▶ **Exercise goal**: Required from the data below: the exact lines starting at the line containing "Ми відтерміновуємо щорічний" and ending at the line containing "نمونه کار جراحی", with both ends kept and all pictures dropped.

▶ **Material for this task**:
---*---

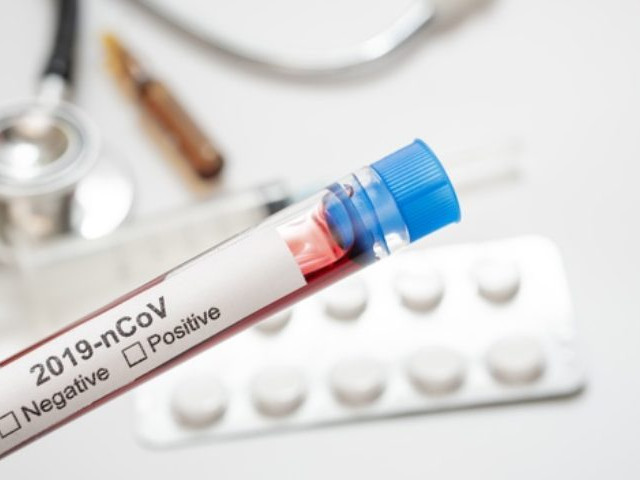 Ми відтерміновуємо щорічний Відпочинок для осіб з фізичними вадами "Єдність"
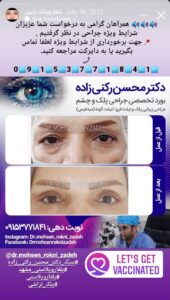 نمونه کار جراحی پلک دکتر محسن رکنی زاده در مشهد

---*---

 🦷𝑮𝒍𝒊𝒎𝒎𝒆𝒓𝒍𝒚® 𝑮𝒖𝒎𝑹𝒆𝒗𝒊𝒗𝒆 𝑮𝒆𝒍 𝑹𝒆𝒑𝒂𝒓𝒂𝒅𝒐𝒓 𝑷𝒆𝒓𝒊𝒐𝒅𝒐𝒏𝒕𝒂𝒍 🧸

---*---

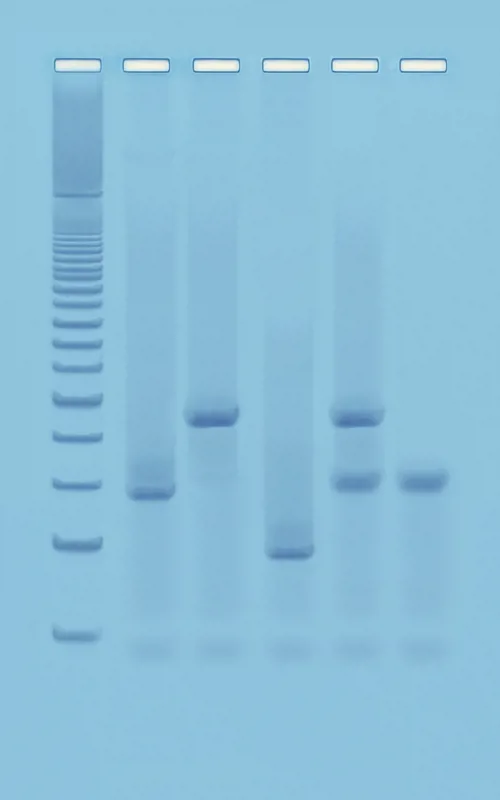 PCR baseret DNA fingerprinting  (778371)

---*---

▶ **Task answer**:
 Ми відтерміновуємо щорічний Відпочинок для осіб з фізичними вадами "Єдність"
 نمونه کار جراحی پلک دکتر محسن رکنی زاده در مشهد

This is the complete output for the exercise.